13)The Clone's walkers are synominious with more advanced AT-AT's in Empire. The same goes for the Star Destroyers that you see fly off are just the lesser advanced Star Destroyers and Super Star Destroyers in the other classic trilogy.


1)"Your father was the best space pilot..." Obi Wan telling Luke about hsi father's actions during the Clone Wars in part IV are clearly seen right at the beg of this film;

2)Reconstruction of the Emporer's throne room in Part VI is seen where Palpatine is held captive on Grievious' ship. Palpatine is even sitting in the same chair as he slowly spins around to see Anakin adn Obi.

3)Palpatine tells Anakin to kill Dooku just like the Emporer urges Luke to "strike him down" in part VI.

4)Grievious breathing is just like how Vader breathes with his new appartus in the classic trilogy

5)Even though it was all cut, there was a whole sub plot about the Rebellion being born the same time that the Empire was. Mon Mothma was one of the main people behind it, and she was a main character in part VI as she was trying to destroy the second death star. "Many Bothan spies lost their lives delivering this information..."

6)When Palpatine first tells Anakin of his knowledge of the dark side, he senses how much Anakin wants to kill him.
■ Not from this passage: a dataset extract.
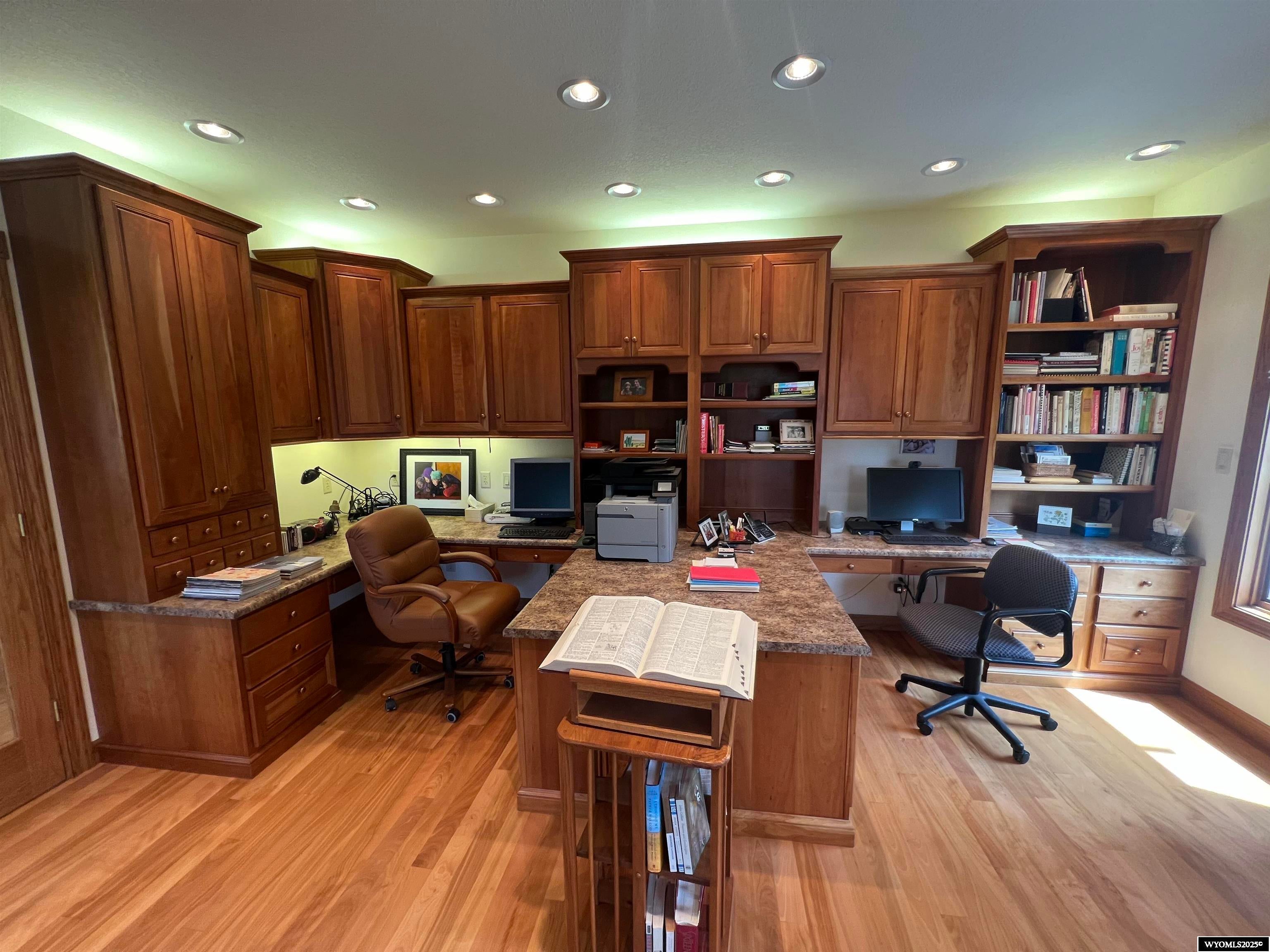 Riverton, Wyoming, 82501, United States, 5 Bedrooms Bedrooms, ,5 BathroomsBathrooms,Residential,Active,1859348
This is just how Palpatine treats Luke aboard his throne room in Part VI.

7)When Mace Windu is shocked and you can briefly see his skeleton, well that's the same of Vader getting shocked on part VI and you see his skeleton by the Emporer as well.

8)Amidala says, "I shouldn't have come," Luke says the same thing in part VI while he rides the Shuttle Tyderian with his friends and says, "I shouldn't have come, I'm endangering the mission."

9)As Amidala is dying, she mutters to Obi Wan "there is still good in him," again Luke says this line a few times to both Vader and Leia along the lines of "there's still good in you, I can sense the conflict."

10)Even though it was cut, there was suppossed to show a scene of Yoda escaping to Dagobah in his lil shuttle.

11)Reconstruction of the Tantive IV set - the rebel blokade runner is used by Bail Organa in this film, but it's Leia's ship at the beginning of part IV when it gets raided by Vader and "Vader's Fist" as they're searching for the death star plans.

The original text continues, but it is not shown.